Juru Bicara SBY saat itu, Andi Mallarangeng menggelar konferensi pers. Dalam pernyataannya ke media masa, Andi menyebut SBY akan membentuk tim khusus penyelesaian kasus pelanggaran HAM berat masa lalu pada periode keduanya nanti.
Pemilu pun berlangsung, SBY terpilih. Namun, janji pembentukan tim itu seolah menguap.
Presiden berganti, Joko Widodo yang selanjutnya menjabat sebagai pimpinan negara pun melakukan hal seperti SBY.
Setahun jelang pemilu, tepatnya 31 Mei 2018, Jokowi mengundang keluarga korban pelanggaran HAM berat yang tergabung dalam Aksi Kamisan.
Mendengar undangan Jokowi setahun jelang pemilihan presiden, Suciwati menolak.
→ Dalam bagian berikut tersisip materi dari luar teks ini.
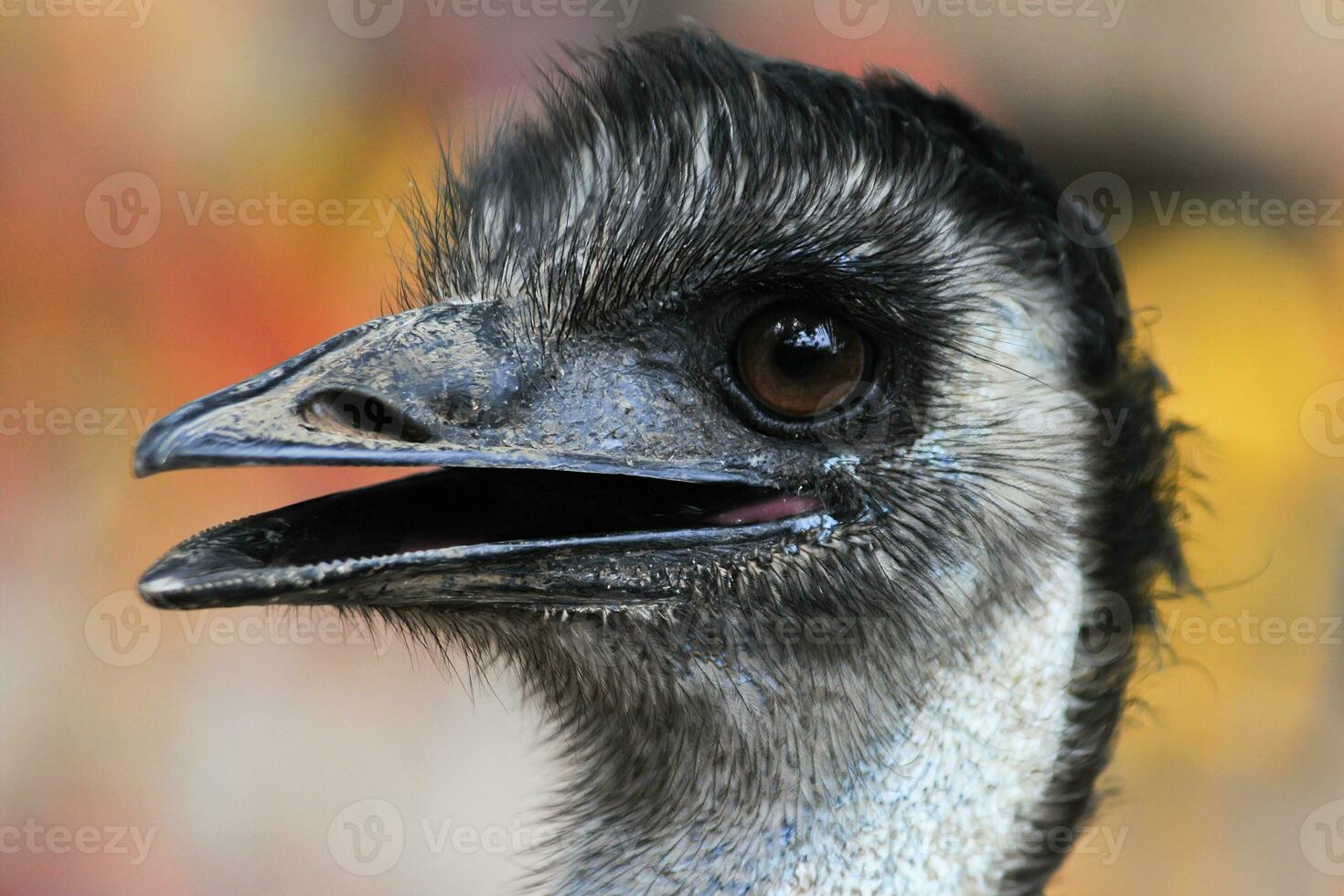 burung unta o emú dromaius novaehollandiae pájaro foto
Penolakannya dikuatkan dengan pengangkatan Wiranto sebagai Menteri Koordinator Bidang Politik, Hukum, dan Keamanan oleh Jokowi.
Begitu juga Hendropriyono yang menjadi penasihat tim transisi di pemerintahan.
"Bagaimana mungkin aku bisa percaya Jokowi akan menyelesaikan kasus pelanggaran HAM berat? Yang rasional sajalah," ucap Suciwati.
Namun, beberapa anggota keluarga korban pelanggaran HAM berat tetap datang menemui Jokowi, di antaranya Sumarsih kasus Semanggi I dan ibunda dari Yun Hap kasus Semanggi II.
Keluarga kasus Trisakti, kasus penghilangan paksa 1997/1998, kasus Talangsari, dan kasus Tanjung Priok.
Jokowi saat itu didampingi Kepala Staf Kepresidenan Meoldoko, Jubir Kepresidenan Johan Budi, dan pejabat Sekretaris Negara.
Pendapat para keluarga korban pelanggaran HAM berat tidak langsung diterima. Jokowi menyebut akan mempelajari berkas yang diserahkan
"Dan untuk selanjutnya day by day, minggu ke minggu, bulan ke bulan, ibu saya minta menghubungi Pak Moeldoko," kata Suciwati menirukan Jokowi.
"Hasilnya tentu saja kosong alias bohong belaka. Terbukti sampai sekarang kasus-kasus pelanggaran HAM berat masa lalu tetap tidak memperoleh keadilan," ujar Suci.